Em 1614, Tibira do povo Tupinambá, na região de São Luís, atual capital do Maranhão, foi executado por religiosos que justificaram a condenação alegando “purificação da terra das maldades dos indígenas”. A execução foi relatada pelo frade franciscano Yves d’Évreux que não registrou o nome do indígena, sendo Tibira um nome dado por Luiz Mott, antropólogo, historiador e fundador do Grupo Gay da Bahia. “Tibira tem sido motivo de resgate desse lado escondido e perseguido da população indígena brasileira, lembrando que há LGBT dentro das aldeias indígenas”, afirmou Luiz Mott em entrevista ao canal CNN em 2022.

 

Esses e outros acontecimentos impactam até hoje a sociedade. Os resultados preliminares do Censo 2022 do Instituto Brasileiro de Geografia e Estatística (IBGE) apontam que há 305 etnias indígenas diferentes no Brasil, que apresentam identidades distintas.
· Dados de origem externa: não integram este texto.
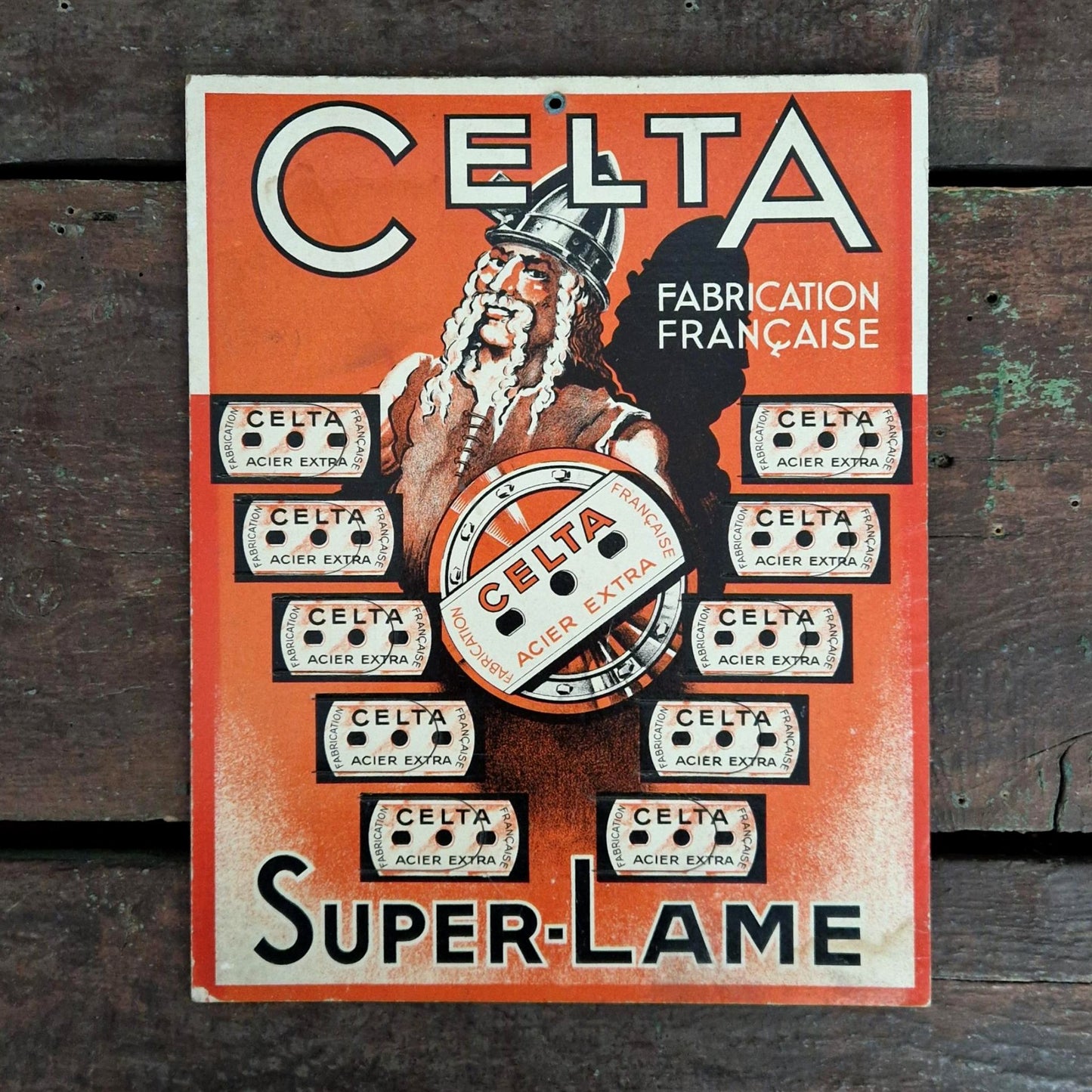 Carton publicitaire / présentoir de lames de rasoir « Celta »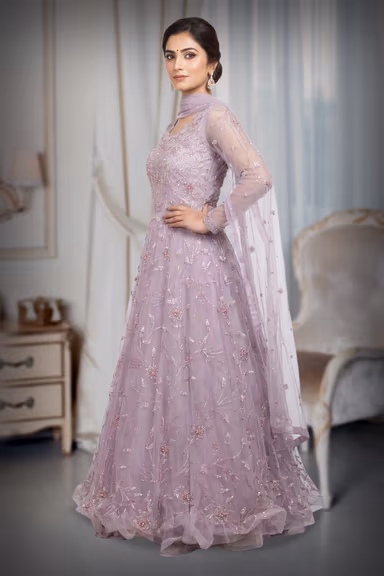 Light Lavender Heavy Threadwork Embellished Bridal Gown  With Long Cape Sleeve — view 3 of 3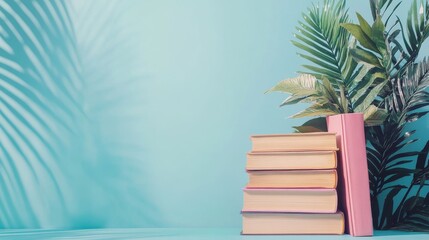 Stack of Books with Tropical Flowers on Blue Background – Summer Reading Concept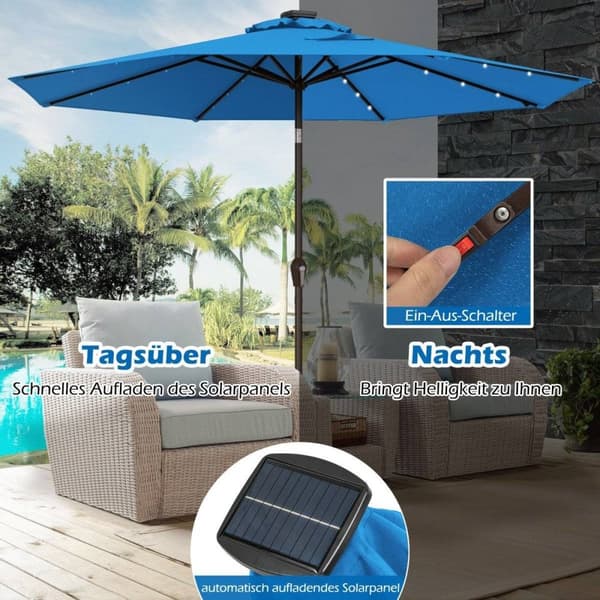 LED-belysning cantilever paraply rund parasol solcelledrevet haveparaply krank blå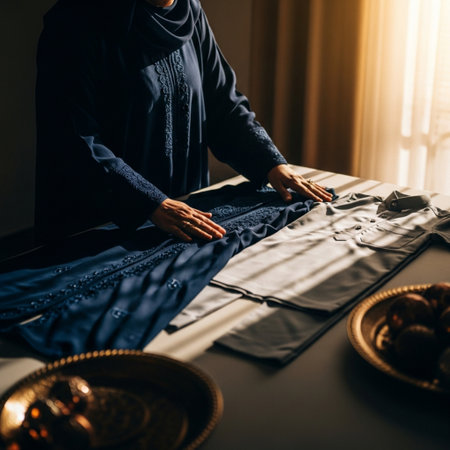 Hands of young muslim woman in traditional clothes and embroidery.の素材
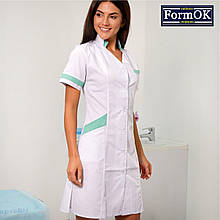 Жіночий медичний халат Анна біло-салатовий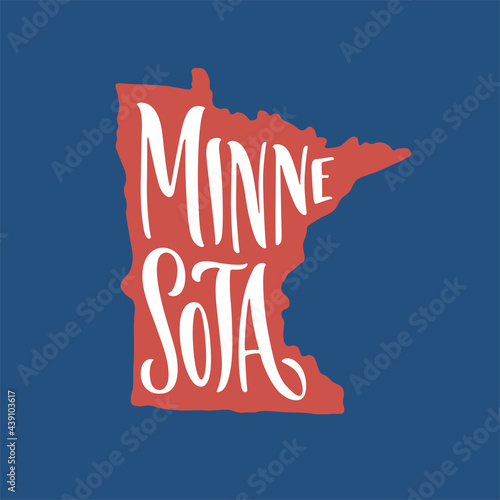 Minnesota. Hand drawn USA state name inside state silhouette on blue background. Modern calligraphy for t shirt prints, posters, stickers, cards, souvenirs. Vector vintage illustration.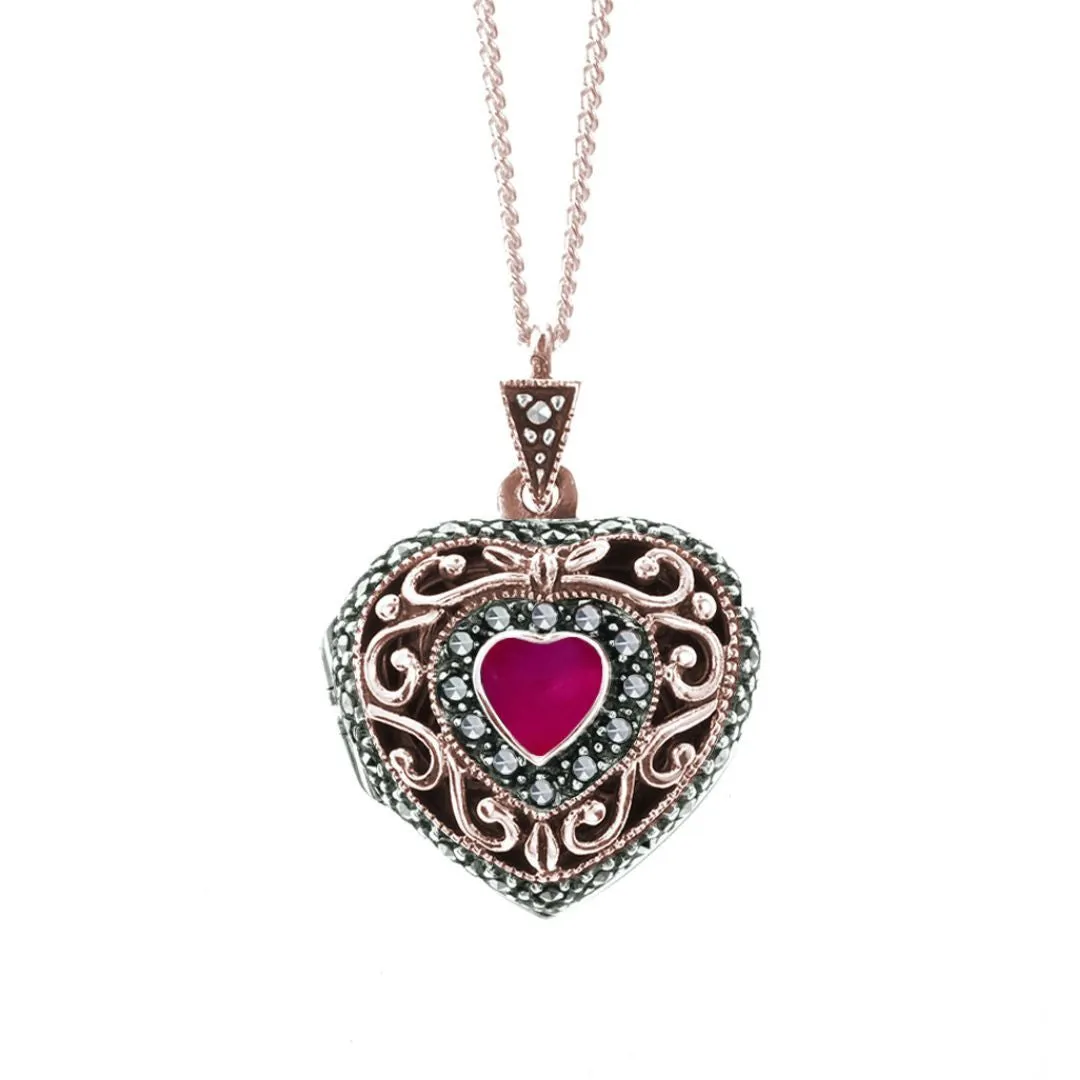 Ruby Vintage Heart Locket | Rose Gold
Assim, é presumível admitir que eles lidam com a sexualidade e gênero de maneiras diversas, mas não existe nenhum levantamento, até então, a respeito da sexualidade indígena. A ausência de dados e discussão do tema acarretam no chamado preconceito duplo, por ser indígena e LGBTQIAPN+. Em função disso, é observado a origem de grupos e movimentos que possibilitam a identificação, união e o fortalecimento enquanto comunidade para combater esse duplo preconceito. Nesse sentido, surgem os coletivos como o TYBYRA, formado por vários LGBTQIAPN+ com diversos povos, dando início ao trabalho dessa pauta dentro do movimento indígena.

 

Esse movimento reverberou e, durante o 18° Acampamento Terra Livre 2022 (ATL), aconteceu um momento histórico, a primeira plenária LGBTQIAPN+ indígena. Erisvan Guajajara, homem gay, jornalista e um dos fundadores do coletivo Mídia Indígena, coordenou a mesa com representantes de coletivos indígenas LGBTQIAPN+ de todo o Brasil. Em seu discurso, ele afirmou: “Tire seu preconceito do meu caminho que irei passar com o meu cocar”. 

 

A existência desses coletivos têm reforçado a importância da discussão de gênero e sexualidade dentro das comunidades indígenas que, apesar de serem diversas e possuírem diferentes  perspectivas a respeito do tema, compartilham da falta de representatividade e, por consequência, da falta de políticas públicas. Além de muitos relatarem dificuldades para encontrar apoio e orientação dentro de suas próprias famílias e comunidades, uma vez que ocorrem poucas discussões e debates sobre sexualidade, acarretando na invisibilização da população LGBTQIAPN+ indígena nestas comunidades. Um exemplo disso é visto no documentário Terra Sem Pecado, dirigido por Marcelo Costa, baseado em seu trabalho de conclusão de curso  “Homossexualidade indígena e LGBTQfobia no Brasil: duas faces da mesma moeda.”. Em uma das cenas do documentário, há o relato de Alisson Cleomar dos Santos, do povo Pankararu, que diz “ter passado a vida na comunidade achando que era o único e se sentindo errado”. Essa perspectiva, segundo o relato, acabou  por criar nele o desejo de sair da comunidade e ir para a cidade com a falsa ideia de que, assim, seria melhor. Porém, ao chegar na cidade e na universidade, ele também expõe ter encontrado “intolerância 100% e violência gratuita”.

 

Por outro lado, Katú Mirim, rapper, cantora e atriz, em seu vídeo para a Parada SP Ao Vivo 2021, afirma que na aldeia Guarani-mbyá  e na aldeia de seu povo Boe-bororo em Mato Grosso, nunca deparou com nenhum comportamento LGBTfóbico, já que o tema é tratado de forma natural, não havendo sequer a necessidade de “se assumir”.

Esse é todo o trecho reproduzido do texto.